(Short text fragments from websites)
......

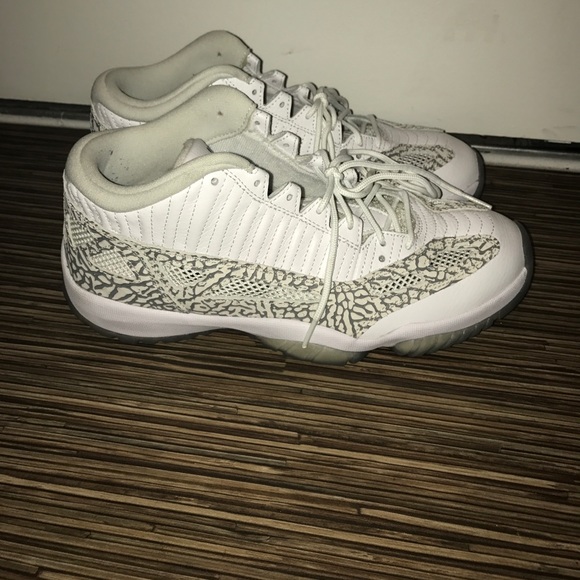 Selling These Jordan low 11 . Asking $120 ... - Picture 2 of 4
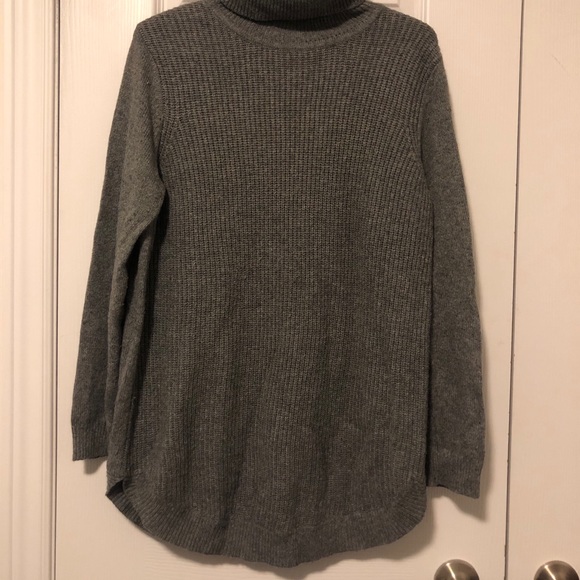 Tops - Picture 2 of 3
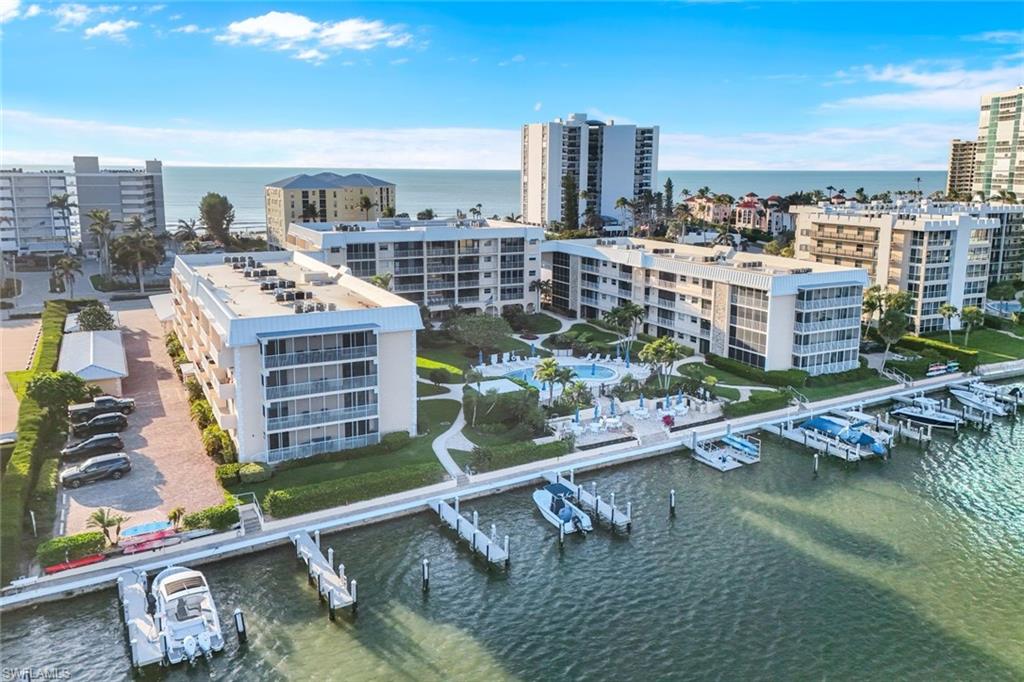 3450 Gulf Shore BLVD N 306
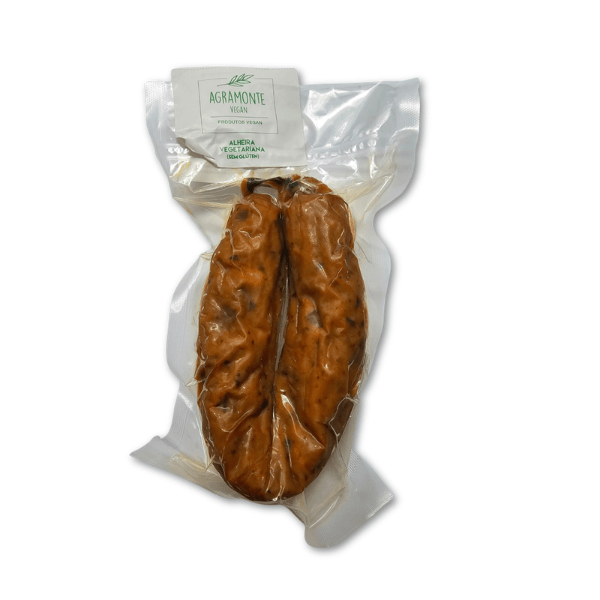 Alheira Vegan sem Glúten Agramonte Embalagem de chouriço vegan em plástico transparente com etiqueta branca AGRAMONTE VEGAN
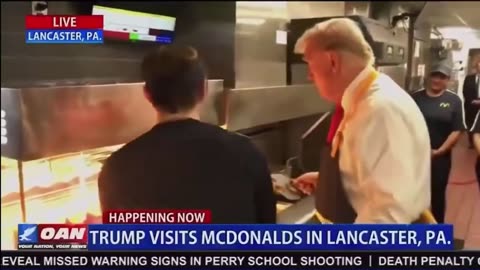 TT. Donald J. Trump đang chiên khoai tây tại một cửa tiệm McDonald's ở Lancaster Pennsylvania❤️❤️❤️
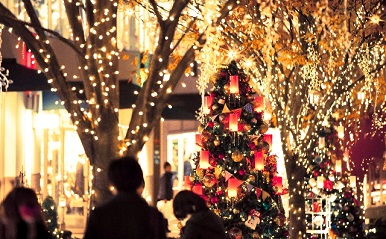 クリスマスにカラオケはアリ 彼との関係別 聖夜の過ごし方調査 恋占ニュース 恋愛 占いのココロニプロロ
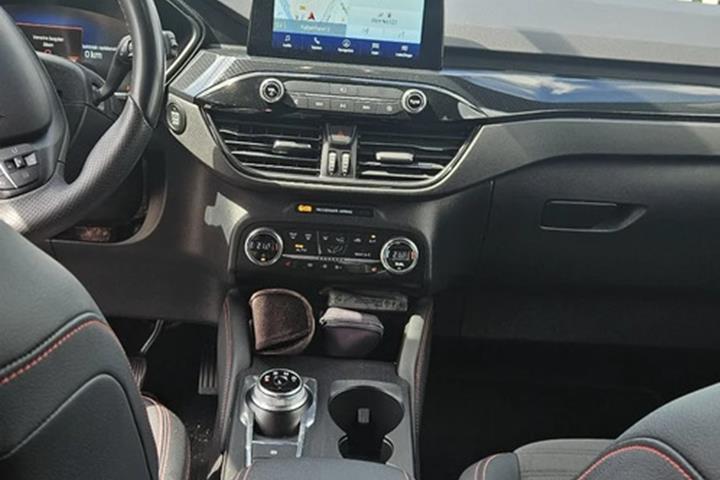 Rød Ford Kuga fra 2022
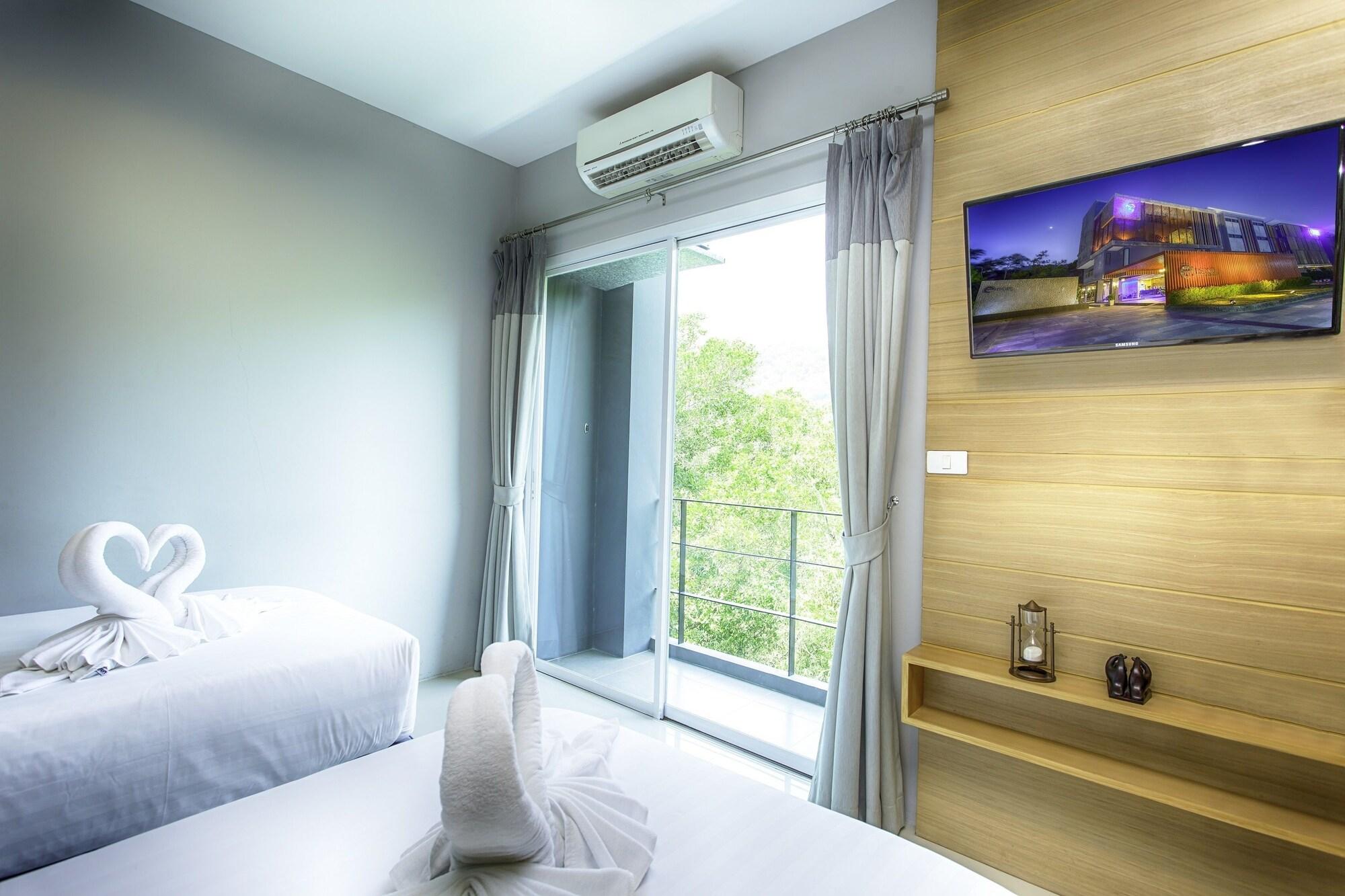 Escape De Phuket
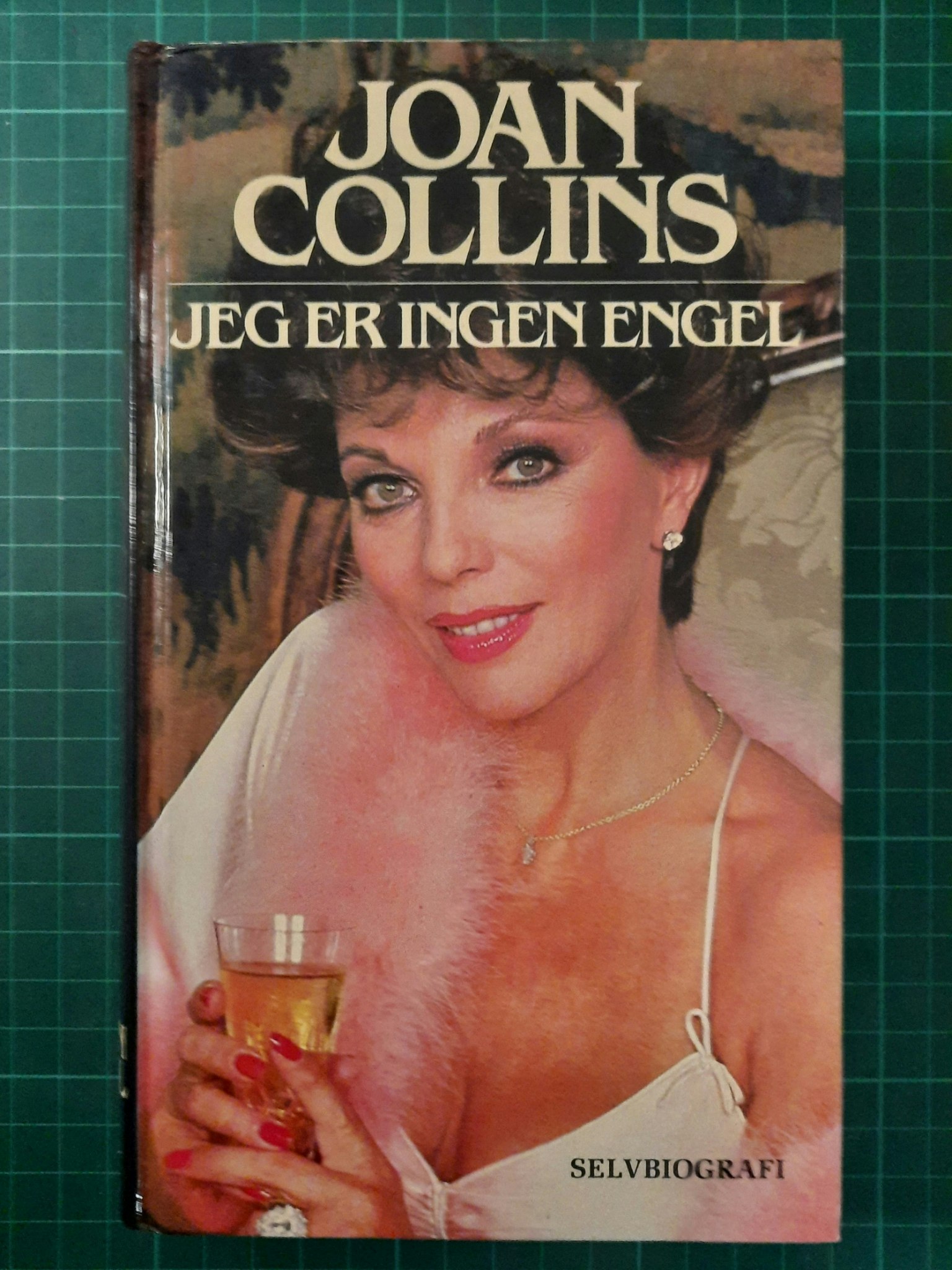 Joan Collins - Jeg er ingen engel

......

- What you have to do: Write out only the lines from the one that contains "3450 Gulf Shore BLVD N 306" through the last line of the records above, both included, word for word and without the pictures.

- Task answer:
 3450 Gulf Shore BLVD N 306
 Alheira Vegan sem Glúten Agramonte Embalagem de chouriço vegan em plástico transparente com etiqueta branca AGRAMONTE VEGAN
 TT. Donald J. Trump đang chiên khoai tây tại một cửa tiệm McDonald's ở Lancaster Pennsylvania❤️❤️❤️
 クリスマスにカラオケはアリ 彼との関係別 聖夜の過ごし方調査 恋占ニュース 恋愛 占いのココロニプロロ
 Rød Ford Kuga fra 2022
 Escape De Phuket
 Joan Collins - Jeg er ingen engel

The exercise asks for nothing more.